Photo Courtesy of Alberto G. via Creative Commons
The Board of Education (BOE) has requested a federal judge to dismiss a lawsuit disputing the fairness of its magnet middle school admissions process. The Board claims that the lawsuit is no longer relevant because the admissions process has changed during the pandemic.
Filed last September by the Association for Educational Fairness (AEF), a primarily Asian-American parent coalition, the lawsuit alleges that the magnet middle school admissions process discriminates against Asian-Americans and violates the U.S. Constitution’s Equal Protection clause. The clause mandates that individuals in similar circumstances are treated similarly.
In its lawsuit, the AEF argues that Asian-American students have lost “more than a fifth of the seats at each program” since the admissions process was changed in 2017, while Black and Hispanic students have “benefited from the changes.”
“The county’s admissions process discriminates against Asian American students,” Christopher Kieser, an attorney at Pacific Legal Foundation (PLF), said in a PLF article. “Every child should have the same opportunity to access the magnet schools, and the county can’t take their race into account when deciding who can attend those schools. Doing so violates the students’ constitutional rights.”
A 2016 report submitted to the BOE found that middle school magnet programs admitted white and Asian students at higher rates than their Black and Hispanic peers. As a result, the BoE implemented a new admissions process for its magnet middle schools.
In 2017, the admissions process began considering students’ home school “peer groups.” According to a Bethesda Magazine article, “students are considered less favorably for a seat if there are 20 or more gifted classmates at their home schools.”
BOE officials reasoned that students whose assigned high schools contain a large population of high-achieving students had academic environments and peers that would be similarly intellectually challenged and grouped. However, students without similarly advanced peers at their home high schools had a “greater need for magnet programs.”

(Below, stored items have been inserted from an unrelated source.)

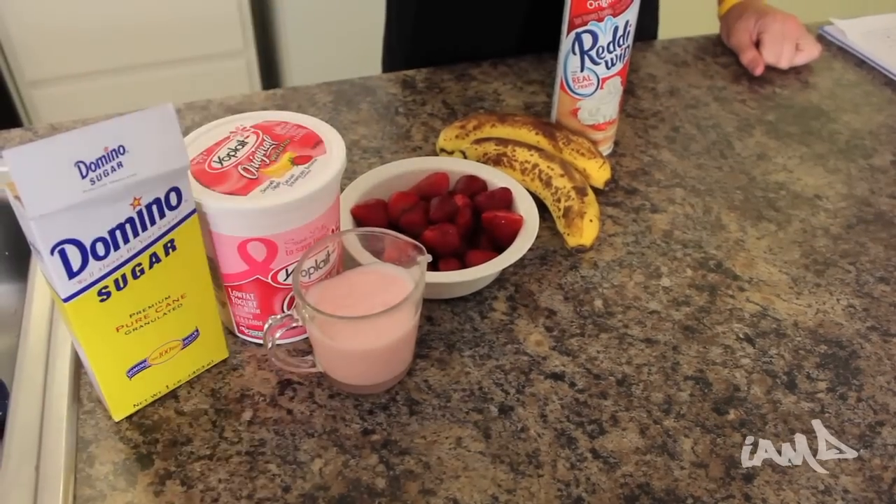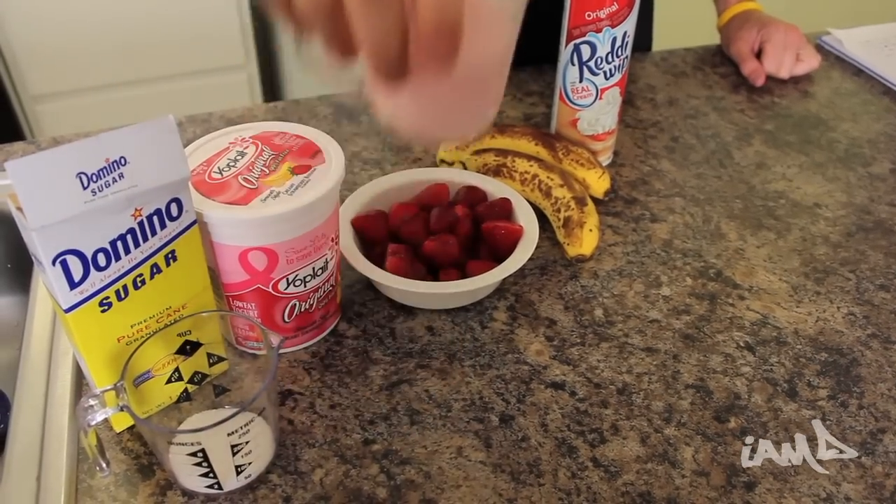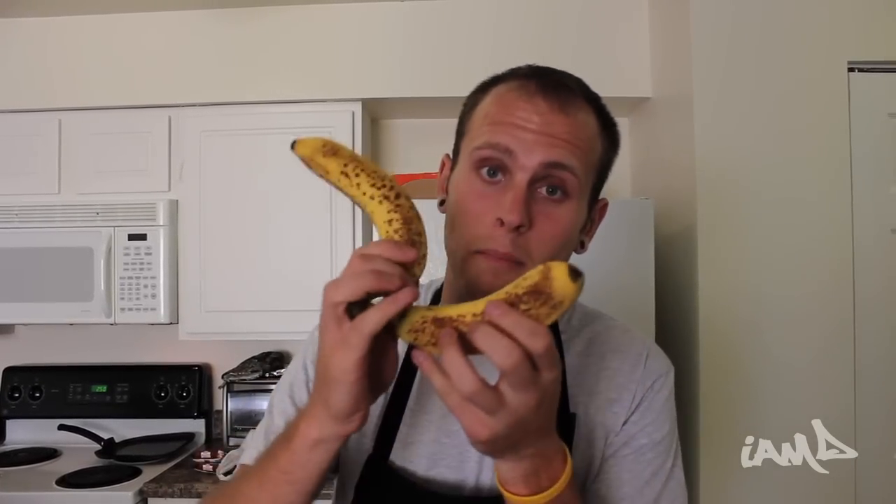Here's what you're gonna need: first, three tablespoons of sugar; next, three-fourths of a cup of strawberry banana yogurt; and a bowl of strawberries — strawberries are good.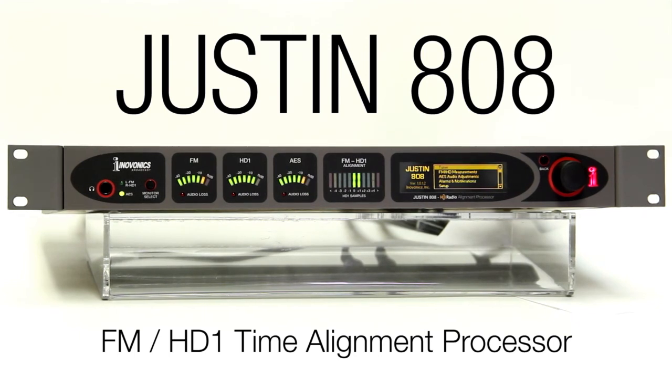The Justin 808 is currently in production and shipping from stock. Contact your preferred InnoVonix dealer for more information and ask about our Try and Buy program.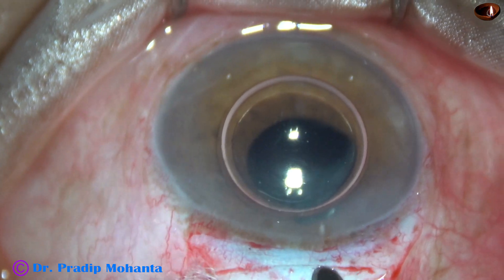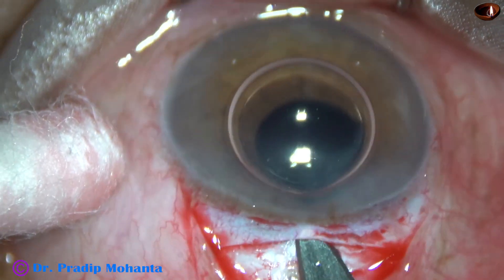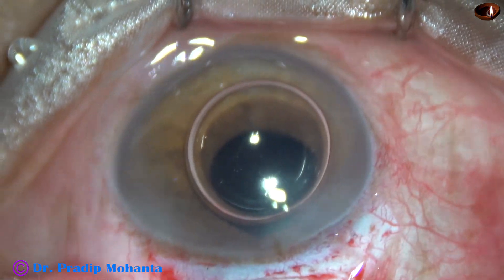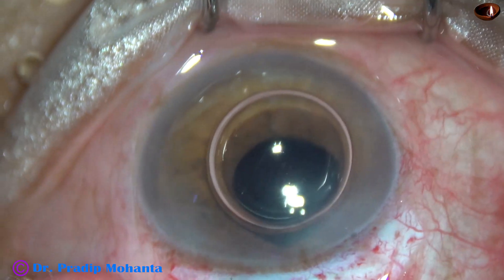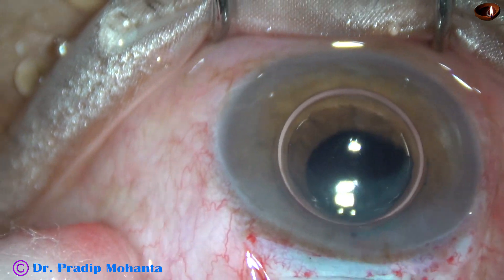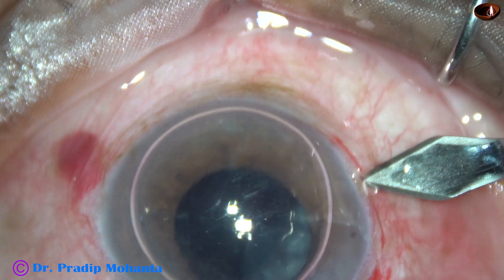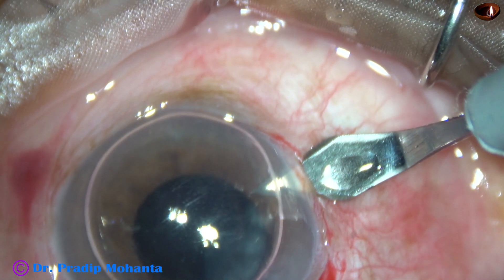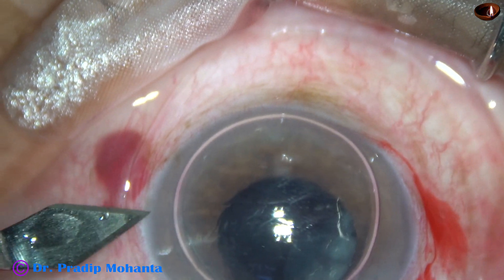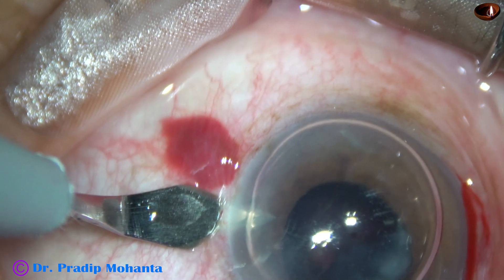Conjunctival peritomy and bipolar wet field cautery have been done. And now the sclerocorneal tunnel is being prepared with the help of this crescent blade. Since the iris claw lens is a rigid lens, we need an incision of about 6 mm. So a 6 mm sclerocorneal tunnel is being prepared, and this is for inclination of the haptics. This is a side port at 9 o'clock, and this is a side port at 3 o'clock. These side ports are behind the limbus onto the sclera.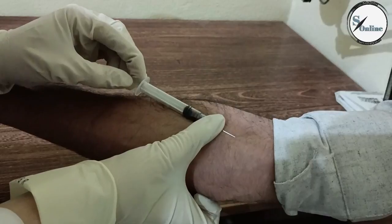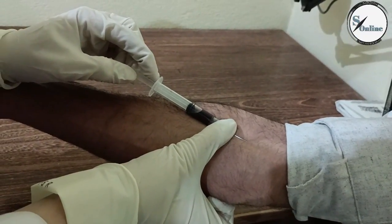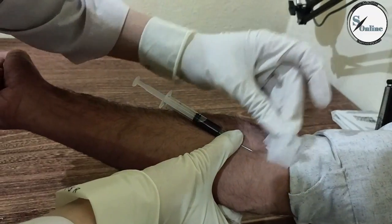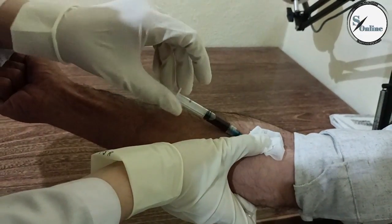This is called blood. Look at this — it looks like blood. Look at the blood samples from your field. Now we will put it here and place the syringe in a safe place.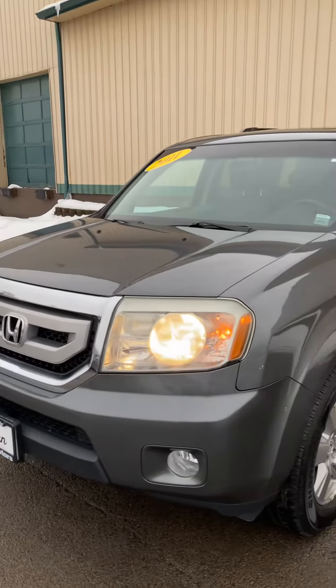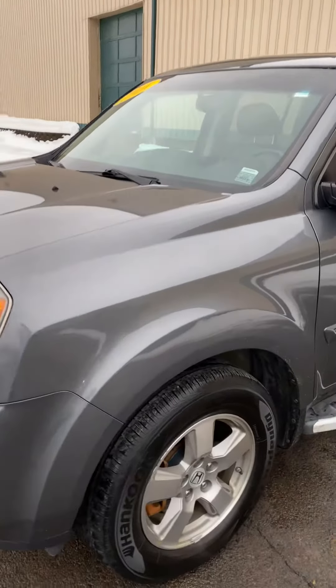How's it going everybody? This is Connor over at Bunkin Motors and this is our 2011 Honda Pilot.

The AEF argues that the changes “were targeted to reduce the percentage of Asian-American students who enroll in the magnet middle school programs, with the ultimate goal of racially balancing these schools according to the racial demographics of Montgomery County,” in their complaint introduction to the U.S District Court of Maryland.
Last December, the county introduced yet another new magnet middle school admissions process, partially due to the COVID-19 pandemic and limited testing reliance.
Students who “demonstrate a need for enriched and accelerated programming” are placed into a lottery pool, and then selected for either their respective regional middle school programs or enrichment courses at their local middle schools. “Students in [the] pool will be guaranteed enrichment and acceleration,” according to an MCPS FAQ document.
MCPS maintains that the new process, and all previous processes, are race-blind and based on multiple academic measures, such as grades and standardized test scores.